Delta, alliance apply for antitrust immunity
By Lynne Marek
Bloomberg News Service
WASHINGTON Delta Air Lines Inc., the third-biggest U.S. carrier, and its international alliance partner carriers are seeking U.S. antitrust immunity to let the airlines better coordinate fares and service with Korean Air Co.
SkyTeam partners Air France SA, Czech Airlines and Alitalia SpA joined Delta and Korean Air in applying to the U.S. Department of Transportation for immediate approval of a five-year accord, Delta said in a statement. All the carriers except Korean Air won immunity for their links in January.

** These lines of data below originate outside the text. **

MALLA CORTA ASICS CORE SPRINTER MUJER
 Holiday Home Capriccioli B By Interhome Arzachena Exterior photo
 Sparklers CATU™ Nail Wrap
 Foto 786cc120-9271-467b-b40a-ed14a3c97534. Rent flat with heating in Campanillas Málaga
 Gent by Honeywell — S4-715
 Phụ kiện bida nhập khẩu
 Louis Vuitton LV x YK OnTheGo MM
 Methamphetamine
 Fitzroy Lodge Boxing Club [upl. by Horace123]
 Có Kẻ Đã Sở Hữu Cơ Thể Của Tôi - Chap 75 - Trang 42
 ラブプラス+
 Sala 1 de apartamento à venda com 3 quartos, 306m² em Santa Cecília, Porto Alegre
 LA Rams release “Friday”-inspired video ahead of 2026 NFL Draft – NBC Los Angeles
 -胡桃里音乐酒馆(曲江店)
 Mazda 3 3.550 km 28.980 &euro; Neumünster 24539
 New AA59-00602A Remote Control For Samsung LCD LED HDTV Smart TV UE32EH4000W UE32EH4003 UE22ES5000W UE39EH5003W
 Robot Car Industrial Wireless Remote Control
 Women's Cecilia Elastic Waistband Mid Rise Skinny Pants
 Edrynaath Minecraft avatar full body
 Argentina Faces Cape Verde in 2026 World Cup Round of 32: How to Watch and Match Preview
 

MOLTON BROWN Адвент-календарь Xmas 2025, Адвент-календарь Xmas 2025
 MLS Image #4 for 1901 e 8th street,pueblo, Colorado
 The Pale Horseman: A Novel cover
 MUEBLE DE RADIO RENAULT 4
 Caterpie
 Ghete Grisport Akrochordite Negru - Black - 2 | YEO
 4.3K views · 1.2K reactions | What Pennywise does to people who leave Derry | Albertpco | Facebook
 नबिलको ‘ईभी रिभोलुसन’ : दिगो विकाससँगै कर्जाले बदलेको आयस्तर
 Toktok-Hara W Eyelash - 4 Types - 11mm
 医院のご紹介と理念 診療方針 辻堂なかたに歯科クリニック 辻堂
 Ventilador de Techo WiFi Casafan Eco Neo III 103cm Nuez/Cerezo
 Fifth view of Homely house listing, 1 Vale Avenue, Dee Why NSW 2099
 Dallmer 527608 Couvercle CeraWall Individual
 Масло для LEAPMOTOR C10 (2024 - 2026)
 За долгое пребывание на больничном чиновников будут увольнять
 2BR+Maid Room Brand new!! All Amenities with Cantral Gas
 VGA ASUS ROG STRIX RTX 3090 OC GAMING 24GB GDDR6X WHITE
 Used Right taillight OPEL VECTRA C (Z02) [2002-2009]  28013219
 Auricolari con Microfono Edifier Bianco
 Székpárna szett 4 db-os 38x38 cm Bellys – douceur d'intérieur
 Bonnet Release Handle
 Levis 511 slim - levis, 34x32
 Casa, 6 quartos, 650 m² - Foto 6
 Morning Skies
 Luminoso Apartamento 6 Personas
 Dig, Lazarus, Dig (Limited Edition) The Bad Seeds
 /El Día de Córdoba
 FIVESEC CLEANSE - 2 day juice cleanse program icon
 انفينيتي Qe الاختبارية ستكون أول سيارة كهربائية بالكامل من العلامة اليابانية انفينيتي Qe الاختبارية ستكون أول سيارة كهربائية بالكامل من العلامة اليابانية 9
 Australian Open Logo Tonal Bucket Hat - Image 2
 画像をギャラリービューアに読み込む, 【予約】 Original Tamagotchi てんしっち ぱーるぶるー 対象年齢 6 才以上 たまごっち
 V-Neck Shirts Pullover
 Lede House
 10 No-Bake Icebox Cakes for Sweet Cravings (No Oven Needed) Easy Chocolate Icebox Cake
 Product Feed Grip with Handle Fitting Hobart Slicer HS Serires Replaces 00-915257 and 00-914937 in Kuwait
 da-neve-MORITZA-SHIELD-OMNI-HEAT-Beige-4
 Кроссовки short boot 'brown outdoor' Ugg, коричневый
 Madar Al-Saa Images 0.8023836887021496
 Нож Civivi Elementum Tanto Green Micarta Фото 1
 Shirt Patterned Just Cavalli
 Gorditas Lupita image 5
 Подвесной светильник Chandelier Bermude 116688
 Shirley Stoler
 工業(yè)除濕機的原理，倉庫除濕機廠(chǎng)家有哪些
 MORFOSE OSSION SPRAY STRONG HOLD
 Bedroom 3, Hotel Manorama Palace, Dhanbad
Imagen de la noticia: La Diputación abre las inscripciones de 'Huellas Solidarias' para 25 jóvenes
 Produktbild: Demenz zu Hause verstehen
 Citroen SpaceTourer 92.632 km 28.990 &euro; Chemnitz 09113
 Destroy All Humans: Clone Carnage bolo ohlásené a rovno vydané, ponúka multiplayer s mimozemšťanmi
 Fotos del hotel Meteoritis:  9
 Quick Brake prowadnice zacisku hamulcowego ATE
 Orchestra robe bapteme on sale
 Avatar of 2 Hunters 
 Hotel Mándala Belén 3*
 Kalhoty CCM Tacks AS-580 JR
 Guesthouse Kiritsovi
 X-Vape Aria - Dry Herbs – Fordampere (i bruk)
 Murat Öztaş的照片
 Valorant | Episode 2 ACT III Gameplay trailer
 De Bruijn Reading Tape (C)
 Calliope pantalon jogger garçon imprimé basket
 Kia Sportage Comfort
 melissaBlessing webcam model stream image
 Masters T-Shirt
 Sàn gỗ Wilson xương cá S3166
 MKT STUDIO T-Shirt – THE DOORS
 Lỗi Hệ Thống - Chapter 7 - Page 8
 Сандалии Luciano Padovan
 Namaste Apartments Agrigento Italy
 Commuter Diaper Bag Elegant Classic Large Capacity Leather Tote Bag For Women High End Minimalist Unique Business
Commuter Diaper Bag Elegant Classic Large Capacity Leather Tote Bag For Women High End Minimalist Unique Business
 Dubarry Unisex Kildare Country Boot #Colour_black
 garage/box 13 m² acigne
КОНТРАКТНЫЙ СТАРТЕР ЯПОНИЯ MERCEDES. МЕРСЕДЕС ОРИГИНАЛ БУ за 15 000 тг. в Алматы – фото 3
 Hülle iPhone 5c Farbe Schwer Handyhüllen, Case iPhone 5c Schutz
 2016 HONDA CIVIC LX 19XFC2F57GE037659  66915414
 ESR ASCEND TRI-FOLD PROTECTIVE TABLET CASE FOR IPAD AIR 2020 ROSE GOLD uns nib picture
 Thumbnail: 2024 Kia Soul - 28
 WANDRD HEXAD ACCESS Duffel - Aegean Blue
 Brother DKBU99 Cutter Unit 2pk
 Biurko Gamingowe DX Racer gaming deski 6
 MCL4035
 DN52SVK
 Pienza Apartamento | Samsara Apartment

Antitrust immunity would let the carriers coordinate prices and schedules, helping to lower costs and increase sales. Delta and Air France agreed last month to resume selling seats on Korean Air flights, a joint service suspended almost three years ago after accidents at the Korean carrier.
Korean Air "fills an important gap by enabling Delta and its partners to offer alliance customers comprehensive access to destinations across Asia a region where none of the existing alliance partners has a significant presence," the carriers said in their application.
The carriers said antitrust immunity will let them work more closely on cargo services, frequent-flier programs, purchasing, technology development and advertising.
The SkyTeam group competes against other international alliances such as the Star Alliance, which is anchored by UAL Corp.'s United Airlines and Deutsche Lufthansa AG.
The applicants noted that the other major international alliances already have significant access to Asia.